Dorfman, planetarium educator and technician for the park, believes the facility will now be on par with other top-notch planetariums on the East Coast. With its fiber-optic star systems, LED lighting, surround sound and 360-degree video screen immersion, he says one would have to travel to Atlanta or Washington, D.C., for a comparable experience.
The finishing touches are still being put in place, with the centerpiece — a projection system from Germany — scheduled to be installed next month.
The new optical mechanical star machine will be similar to the old one, which was 35 years old, with a few key differences: It incorporates fiber optics, with each star created by its own fiber-optic strand.
“That really creates a very realistic, point-like looking star field,” Dorfman said. “It’s going to be quite incredible.”
Complementing the star projector to create dazzling programs is a new full-dome video system.
“With the video we can take you out into the solar system, fly you out around the planets,” Dorfman said. “We can take you out beyond our solar system, into the galaxy, and even out into the rest of the universe and look back and see what it looks like. Because the video is all around you, it really is an immersive environment.”
All the high-tech equipment needs a canvas on which to play, prompting the construction of a new, cleaner and sleeker dome.
As galaxies unfurl above, visitors will spread out in the planetarium’s posh new chairs. In fact, the entire seating arrangement has been altered, with a slight decline in slope from back to front. This will allow, from any seat in the house, easy viewing of program presenters at the front of the facility.
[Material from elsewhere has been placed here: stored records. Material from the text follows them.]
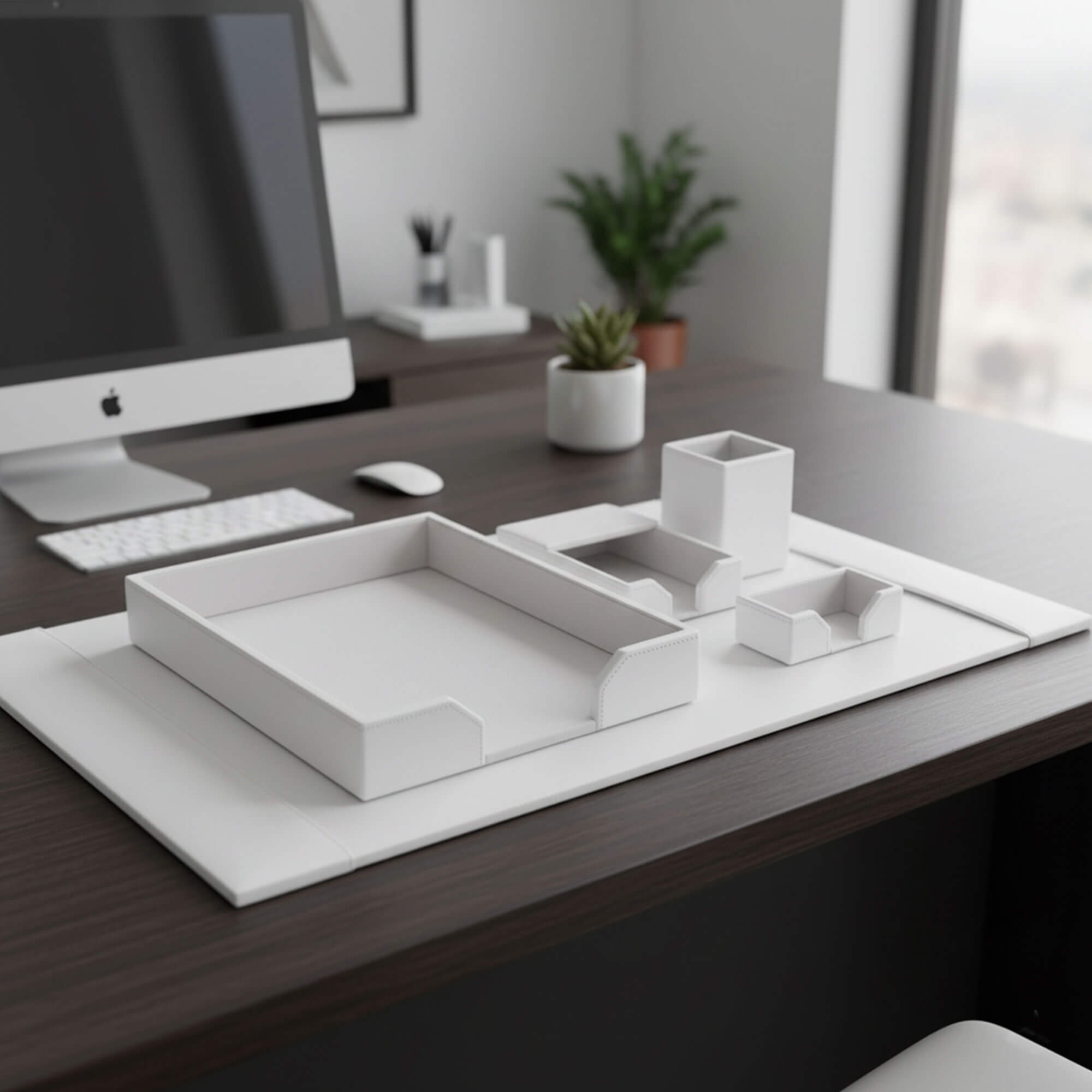 White Bonded Leather 5-Piece Desk Set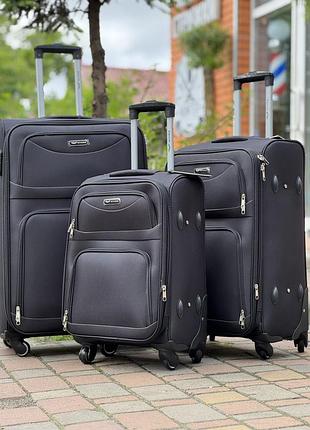 3 шт комплект чемоданов дорожный тканевый польша на колесах wings с подшипником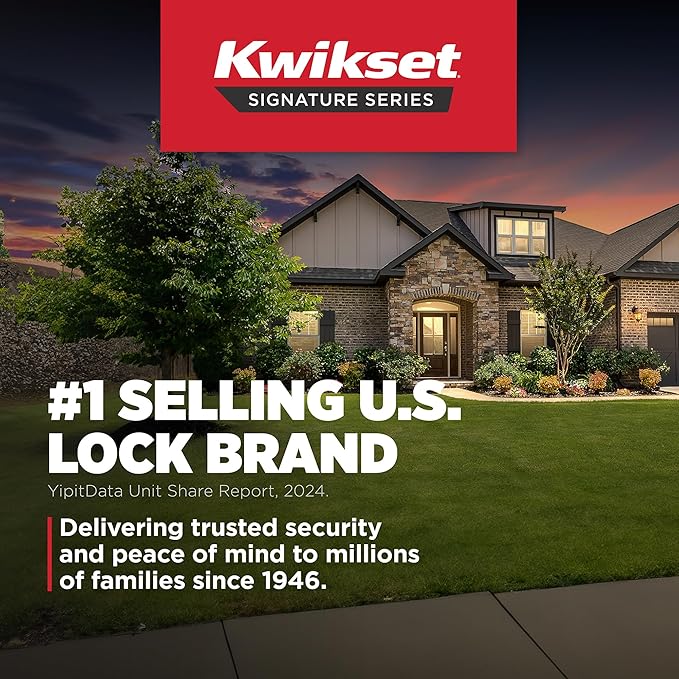 Kwikset Tustin Entry Door Handle with Lock and Key, Secure Keyed Reversible Lever Exterior, For Front Entrance and Bedrooms, Matte Black, Pick Resistant Smartkey Rekey Security and Microban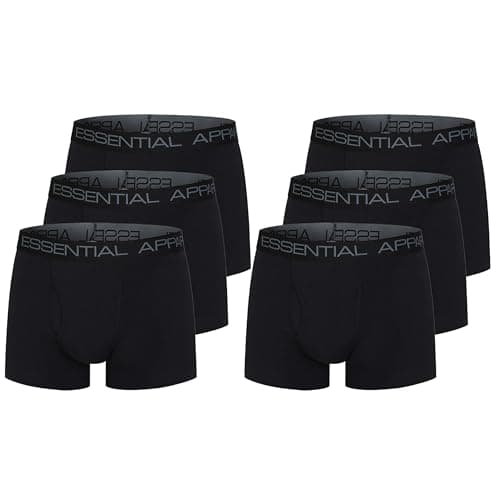 Image of The Essentials Wardrobe Mens TEW 6 Pack Mens Boxer - Small - Black
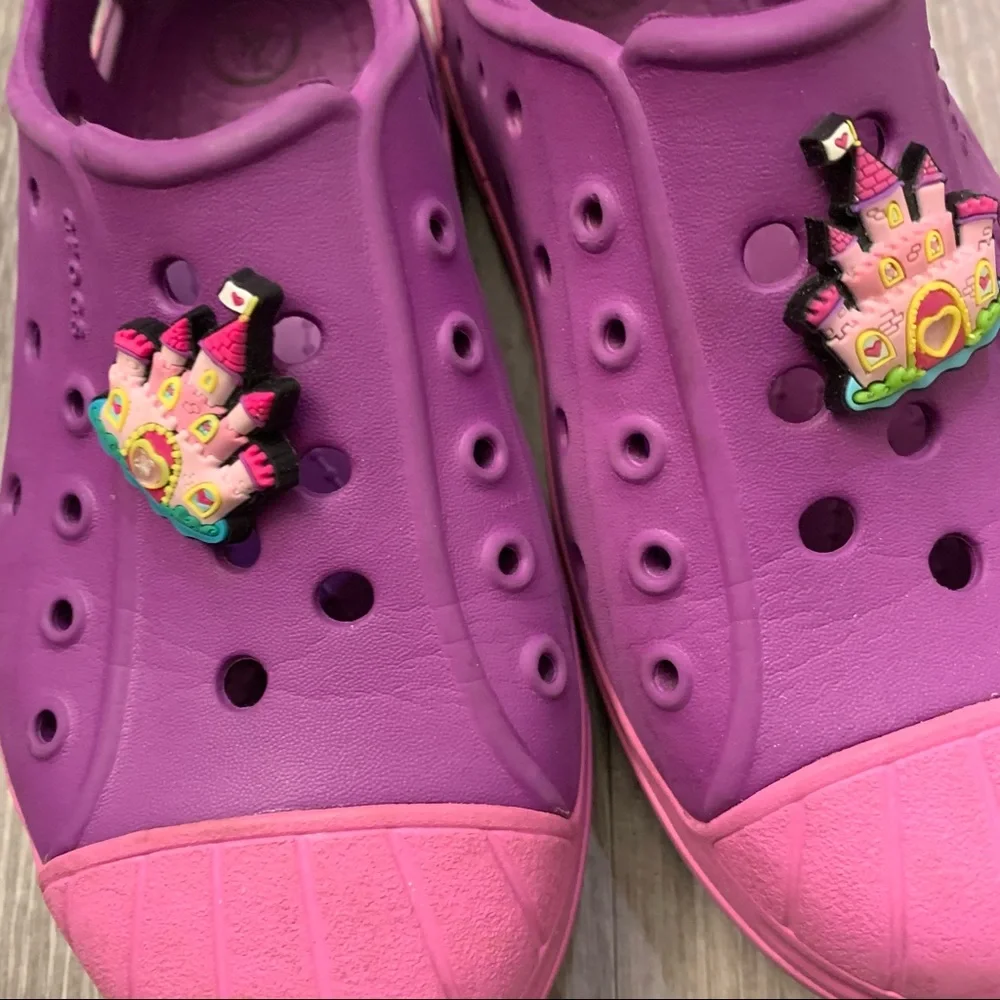 Crocs Bump It Slip On Purple/Pink Water Shoes w/ Jibbitz Toddler Girls Size 10C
The new planetarium’s maiden program is titled “Connections.” The show — created by the Bays Mountain Planetarium staff through animation, modeling and 3-D design — will illustrate how nature and astronomy tie together.
“The show now will have different animals, including deer, butterfly, chipmunks, a little bit of everything,” said Adam Thanz, planetarium director. “We’re not going to give away all the bells and whistles for this show, but it will be a really good idea of what we can produce.”
The price tag of the planetarium overhaul was $1.3 million. It was funded through Kingsport’s Visitor Enhancement Program, which was founded to support a variety of tourism-related projects. The planetarium has hosted about 250,000 visitors in the past decade.